Directions: In the material below, the lines between the one holding "New Era 39Thirty" and the one holding "Round Cut Lab", inclusive, are to be set down word for word. Pictures stay out.

Source data:
┏━━

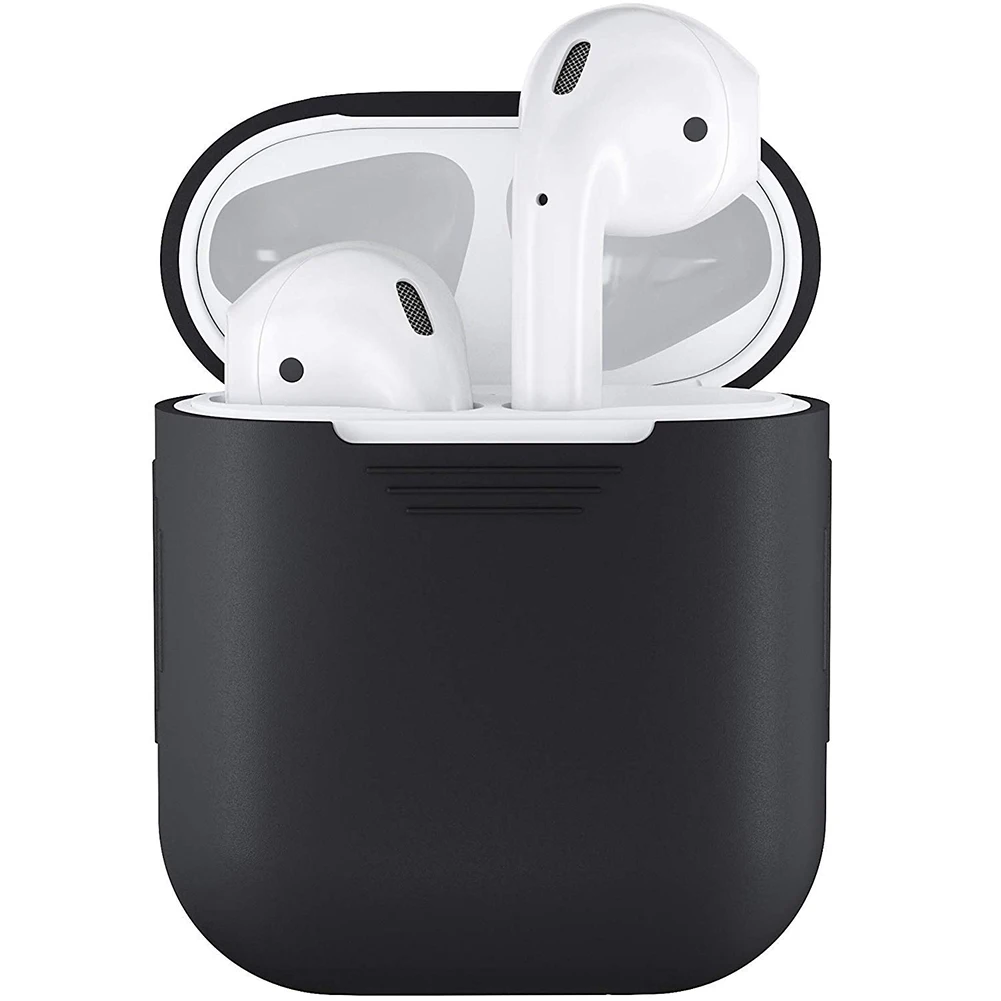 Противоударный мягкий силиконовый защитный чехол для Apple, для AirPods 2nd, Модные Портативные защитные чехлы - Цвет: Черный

┗━━
┏━━

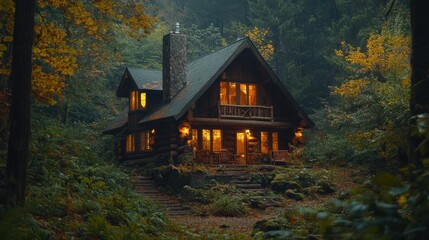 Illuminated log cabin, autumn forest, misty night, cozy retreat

┗━━
┏━━

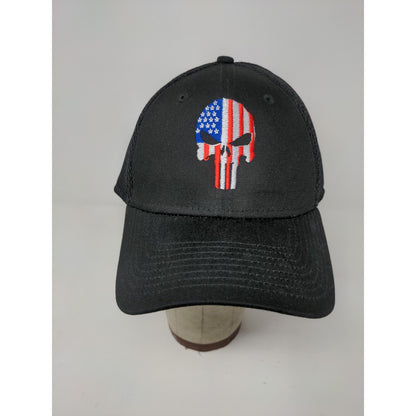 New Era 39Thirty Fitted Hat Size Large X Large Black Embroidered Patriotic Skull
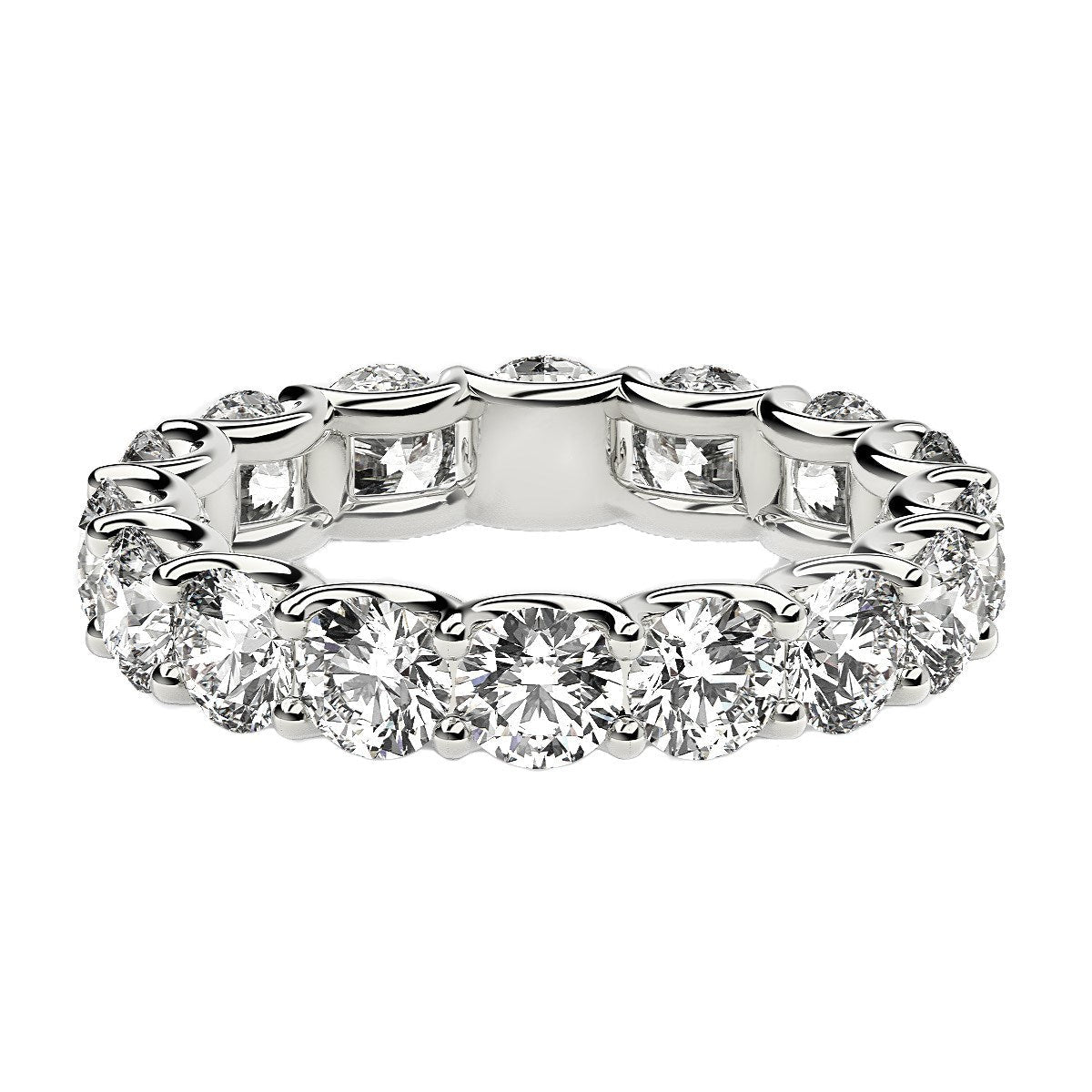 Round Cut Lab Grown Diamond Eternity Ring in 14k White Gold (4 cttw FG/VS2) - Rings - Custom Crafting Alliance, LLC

┗━━

Reply:
 New Era 39Thirty Fitted Hat Size Large X Large Black Embroidered Patriotic Skull
 Round Cut Lab Grown Diamond Eternity Ring in 14k White Gold (4 cttw FG/VS2) - Rings - Custom Crafting Alliance, LLC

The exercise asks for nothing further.